Every year at this time I write a column suggesting money smart holiday gifts for children. The goal is to find entertaining and educational gifts that won’t be broken or forgotten in a few weeks but will generate a life-long interest in and competence about the subject of money. This year’s gifts range from allowance tech and investing to my favorite piggy bank.
—The BusyKid App
BusyKid is an app that will help any family trying to give their children real-life money lessons. It tracks the chores kids perform, and on payday it transfers payments from a parental bank account to a child’s — either an automatic allowance or additional money for doing chores. Upon receipt, the money can be divided into spending, saving and sharing accounts. It can also be transferred to gift cards or redeemed for actual cash by sending the money back to Mom’s account.
There’s an “activity” tab, where parents can keep track of the money earned by each child — and how it’s being spent.
Even better, the money saved can be used to buy shares of stock! In an arrangement with Stockpile.com, children can transfer some of their savings to buy small amounts of shares (after parental approval is given). They can research stocks easily, learning just enough to understand how the business works. And they can track the price of shares they own.
The $14.95 annual fee enrolls an entire household, and it’s well worth the cost. The BusyKid.com website explains how it all works with short 15-second videos.
The BusyKid app calls itself a “system” — and indeed it is a system of money education that can start with young children and keep teens on the hook even when they rebel at everything parental. This is an outstanding holiday gift.
—Stockpile.com: Buying fractional shares
Stockpile.com is a long-time favorite holiday gift idea. This website allows you to buy fractional shares of more than 1,000 stocks and ETFs at a fee of only 99 cents per transaction, with no monthly fees and only a $5 minimum to get started. It is by far the easiest and least expensive way to get kids started on a lifetime of investing.
Yes, parental approval is required to open the account. But that step comes after a parent, grandparent or friend sends a gift card, representing a dollar amount of a particular stock. (If the gift giver chooses Google and the child would rather have, say, Nike or Disney, they can decide to purchase a different stock.) Most cards start in minimum amounts of $25. When you go to Stockpile.com, you’ll have a choice.
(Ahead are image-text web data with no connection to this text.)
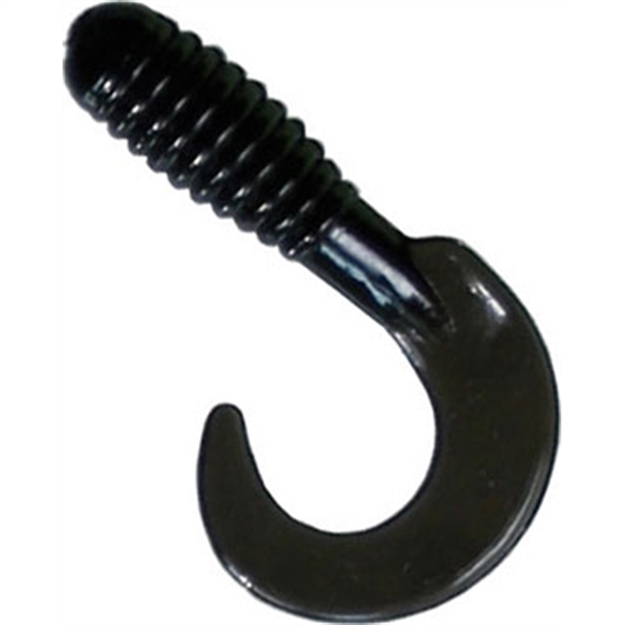 Picture of Creme Lures ST 2" Curl Tail Grub Black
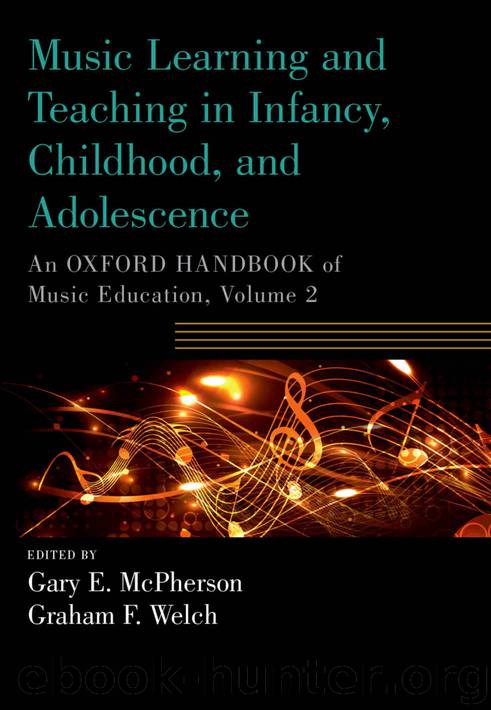 Music Learning and Teaching in Infancy, Childhood, and Adolescence (Oxford Handbooks) by Gary E. McPherson & Graham F. Welch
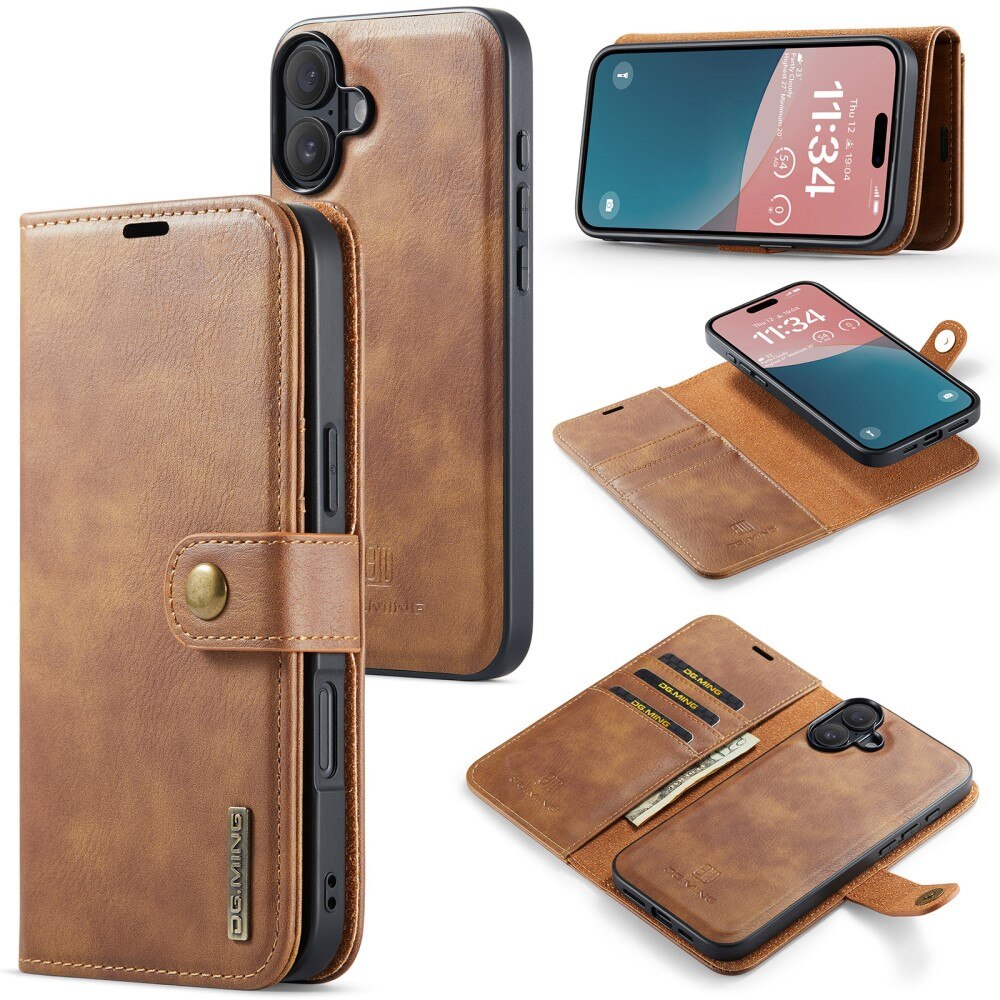 iPhone 16 Plus Magnet Wallet Cognac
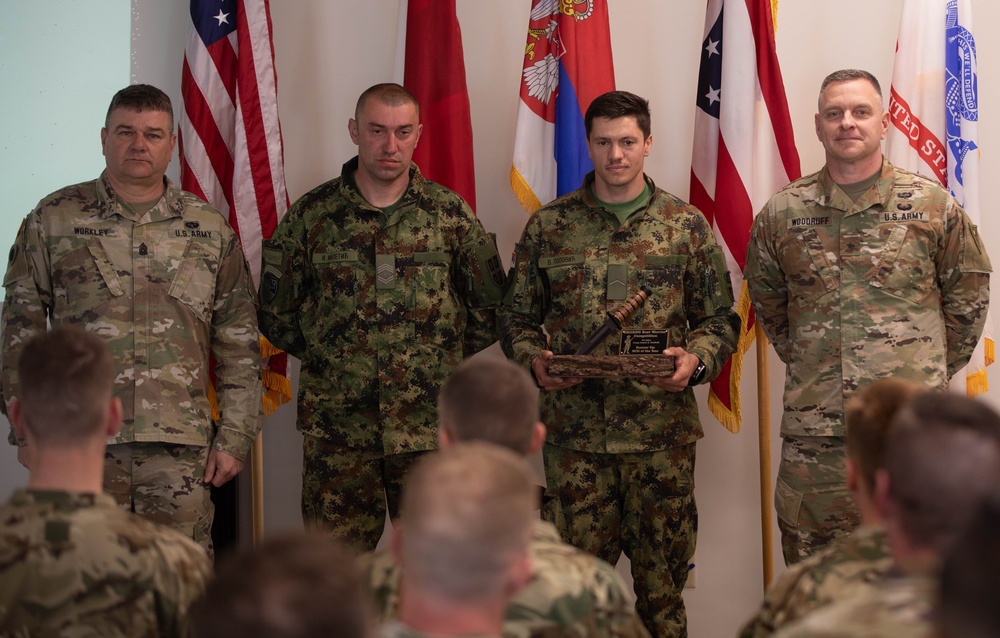 Ohio Army National Guard Soldiers compete alongside Serbian Armed Forces and Hungarian Defense Forces during the 2024 State Best Warrior Challenge competition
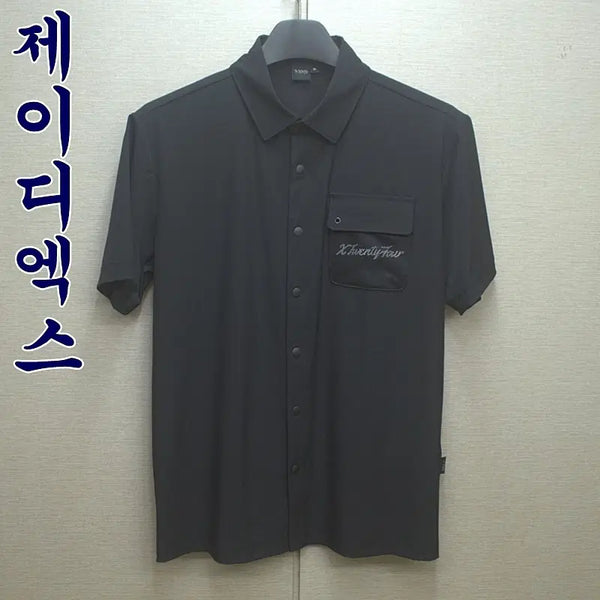 [BUNJANG] JDX Functional Short-Sleeve Collar Shirt / 0549-JDX(95)기능성,반팔카라셔츠/구제시장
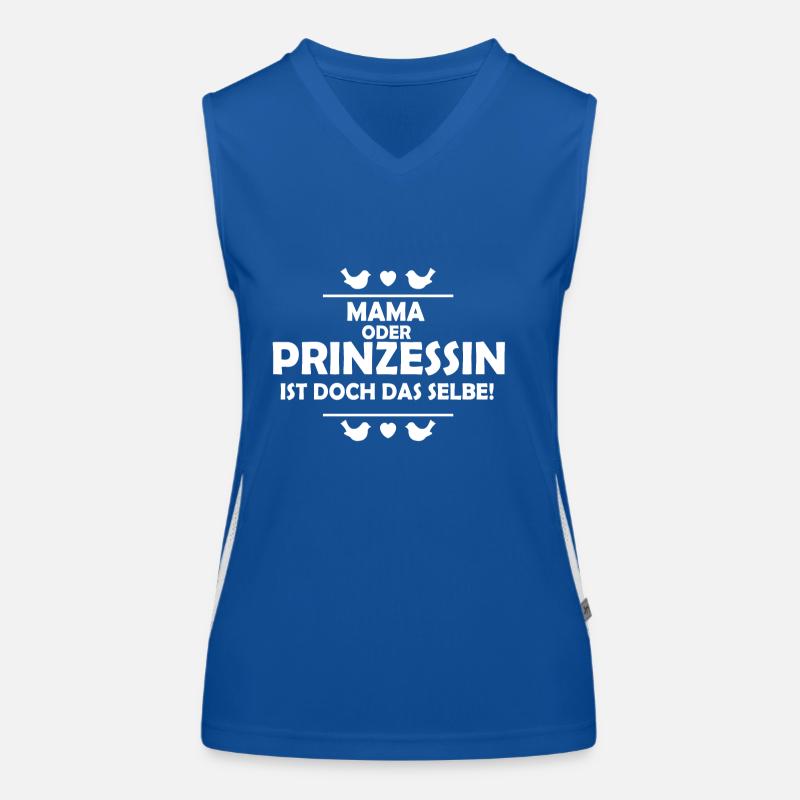 Mama Funktionelles Kontrast-Tank Top für Frauen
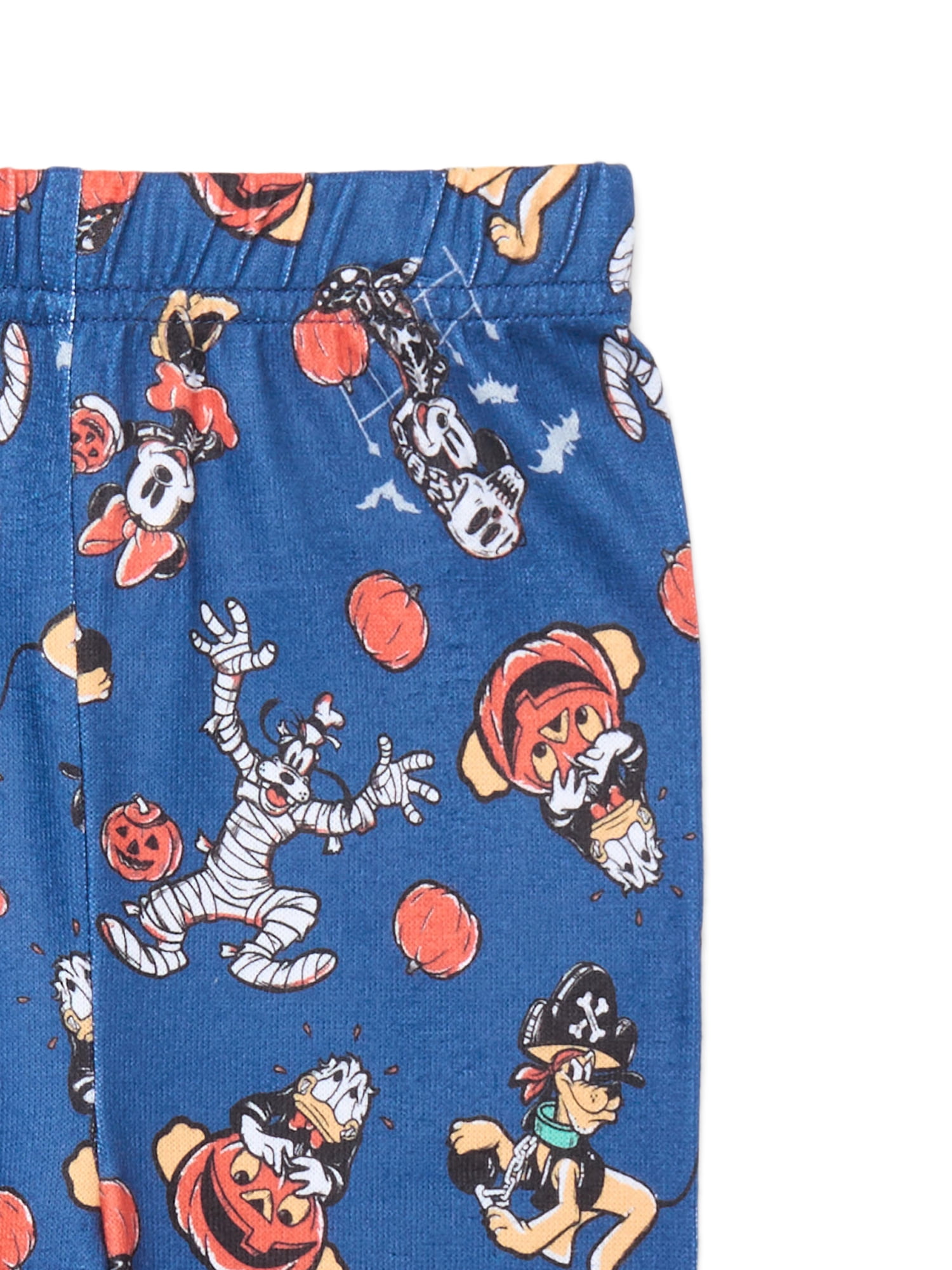 Disney Mickey Mouse Toddlers’ Halloween Pajama Top and Pants Set, 2-Piece, Sizes 12M-5T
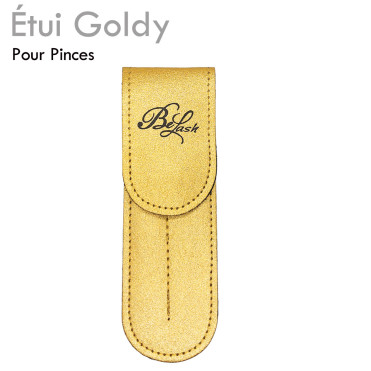 Pinces Goldy Magnifique étui pour Pinces Aura et Delphia, Extension de cils Volume russe cil à cil doré isoler éventails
You can send a gift card by email or print out an official certificate — or, if you act quickly, Stockpile will create a plastic gift card and mail it to you to present in person. The company also offers “A Rookie’s Guide to Investing in the Stock Market” that will help young investors get started. Remember, this is REAL stock — and the kids can track their investments online at Stockpile.com.
—MoneySavvy.com: Piggy banks and teen money guides
Finally, no holiday gift guide would be complete without the terrific Money Savvy Piggy Bank available at MoneySavvy.com. It’s a four-chambered, see-through plastic piggy bank with sections for saving, spending, donating and investing — available in four colors at $19.99. For older children, the same folks offer the “O.M.G. Official Money Guide for Teenagers,” which teaches everything from budgeting to identity protection in a language teens won’t scorn ($12.95). And new this year is the “O.M.G. Official Money Guide for College Students,” which comes on a flash drive for use with Windows or Mac ($12.95). All are available at www.MoneySavvy.com.
So this year, make your gift count. Spend a little on these suggestions, and then add to your child or grandchild’s 529 college savings account. You can give a gift that will last and a gift that will grow. That’s The Savage Truth.